もともと社内にはデータ活用推進係というチームがあり、IT面からSalesforceを担当していました。データ活用推進係がシステム面での設定や管理を行い、識学推進課が実際の運用や分析を担当するという役割分担です。このように技術面と運用面の両方からアプローチすることで、より効果的な活用が可能になりました。
商談のフェーズ設計には『無敗営業 「3つの質問」と「4つの力」』(高橋浩一著、日経BP)を参考にしました。フェーズごとに必要な情報を明確にし、たとえば、「提案獲得」のフェーズに移行するためには提案日が確定していないと進めないなど、プロセスを厳格に管理しています。
また、大きな変更点として、インサイドセールスのナーチャリングチームを営業本部の中に移管しました。そのうえで、電話をかける担当者と初回商談を行う担当者を統一したのです。従来はアポイントを取得したらすぐに営業に引き継いでいましたが、最初に架電した人が自ら初回商談まで実施し、そのうえで具体的な提案に関心がある場合、営業に引き継ぐというフローへ変更しました。

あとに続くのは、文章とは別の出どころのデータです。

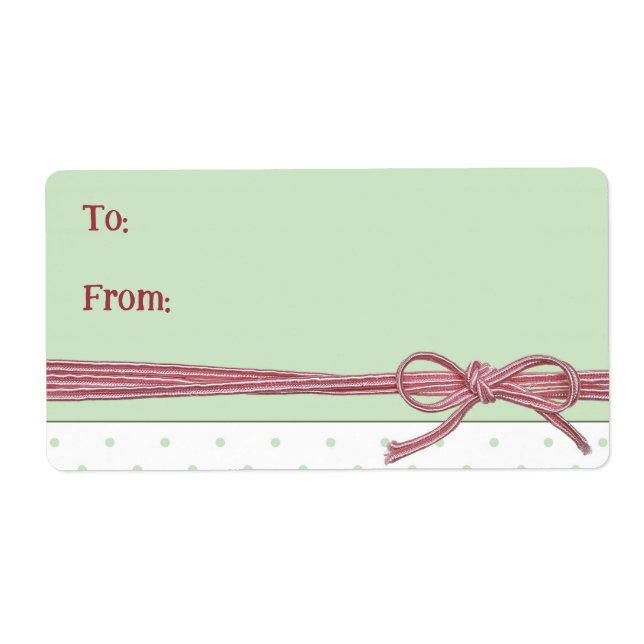 Anpassningsbar Text bundet med en ram Fraktsedel (Framsidan)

初回商談をインサイドセールスが担当することで、電話をかける担当者が識学の理論や商品知識を身につける必要が生じます。Salesforceの中にイネーブルメントプログラムを構築し、メンバーの育成にも活用しています。新しく発掘型のインサイドセールスチームを立ち上げるにあたって、必要なスキルや知識を身につけるためのコンテンツや目標をSalesforce内で一元管理し、本人が「いつまでにどんなスキルを習得する必要があるか」を一目で理解できるようにしました。
──この改革によって、どのような成果が出ているのでしょうか。
数字で明確に表れています。改革前は20%前後だった提案実施率(商談数に対する提案実施の割合)が、2024年10月以降は約30%へと増加しました。ナーチャリングによる掘り起こしの効果も1.5倍になっています。
定量的な成果だけでなく、定性的な面でも変化がありました。Salesforceを通じて細かいKPIを設定し、分析することで、単なる営業プロセスの管理だけでなく、組織編成にも活用できるようになりました。たとえば、営業部とコンサルティング部の統合を検討する際も、Salesforceのデータに基づいて実際の効果を検証しました。また、残業せずに目標を達成するための組織編成や、売上構成比に基づいた人員配置など、データドリブンな意思決定が可能になりました。